# XOM Builder Probleme



## Kritiki (6. Jul 2012)

Hallo miteinander,

ich habe folgendes Problem,

ich möchte eine XML parsen, dazu benutze ich XOM, ich instanziere den Builder und genau hier ist schon das Problem, ich komm garnicht weiter.
Beim Instanzieren meldet mir Java schon eine ClassNotFound Exception. 
Komisch daran ist nur das ich in einem anderen Projekt den Builder fehlerfrei nutze.

Ich hab schon den BuildPath überprüft für XOM und auch das Erstellen mit anderen Projekten, selbst in dem Projekt wo der Builder funktioniert kann ich auch keine neue Klasse erstellen wo der Builder läuft.

Hat jemand eine Ahnung woran das liegen könnte?


----------



## Ullenboom (7. Jul 2012)

Welche Klasse genau wird denn nicht gefunden?
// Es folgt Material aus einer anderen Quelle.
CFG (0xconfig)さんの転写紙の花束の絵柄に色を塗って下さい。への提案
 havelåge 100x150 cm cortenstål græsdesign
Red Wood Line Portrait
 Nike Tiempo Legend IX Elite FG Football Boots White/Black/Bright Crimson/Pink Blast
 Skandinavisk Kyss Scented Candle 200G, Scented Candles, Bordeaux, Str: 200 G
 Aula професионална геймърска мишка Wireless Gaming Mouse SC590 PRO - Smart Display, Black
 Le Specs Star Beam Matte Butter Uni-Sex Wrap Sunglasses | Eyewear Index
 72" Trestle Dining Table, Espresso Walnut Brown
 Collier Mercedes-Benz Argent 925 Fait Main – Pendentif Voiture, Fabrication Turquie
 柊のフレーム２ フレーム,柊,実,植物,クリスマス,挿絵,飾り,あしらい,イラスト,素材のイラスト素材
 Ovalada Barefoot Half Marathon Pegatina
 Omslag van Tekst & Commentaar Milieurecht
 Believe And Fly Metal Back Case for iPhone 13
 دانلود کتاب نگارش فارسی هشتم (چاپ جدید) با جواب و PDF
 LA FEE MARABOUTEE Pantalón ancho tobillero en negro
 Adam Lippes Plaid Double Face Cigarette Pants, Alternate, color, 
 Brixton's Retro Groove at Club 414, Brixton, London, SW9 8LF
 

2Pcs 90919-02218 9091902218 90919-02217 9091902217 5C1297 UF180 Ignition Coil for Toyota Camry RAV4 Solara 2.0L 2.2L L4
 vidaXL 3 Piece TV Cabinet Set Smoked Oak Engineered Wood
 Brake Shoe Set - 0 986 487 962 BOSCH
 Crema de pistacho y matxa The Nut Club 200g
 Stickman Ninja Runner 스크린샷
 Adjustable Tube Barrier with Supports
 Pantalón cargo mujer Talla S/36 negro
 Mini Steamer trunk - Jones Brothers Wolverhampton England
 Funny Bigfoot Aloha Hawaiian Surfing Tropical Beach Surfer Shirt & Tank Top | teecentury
Wie lautet der Stack-Trace?


----------



## Kritiki (9. Jul 2012)

die nu.xom.Builder, also die Builder Klasse selbst


----------



## Kritiki (9. Jul 2012)

Fehler hat sich erledigt, 

es wurde eine weitere Exception geschmissen (NullPointer) nach der ClassNotFound.
Durch Behebung der NullPointerException ist der Fehler nicht mehr aufgetreten. 

Seltsam da der Builder das Dokument vorher ja einlesen muss bevor die Verarbeitung kommt, 
aber jetzt ist der Fehler wenigstens behoben.

Danke für die Hilfe


----------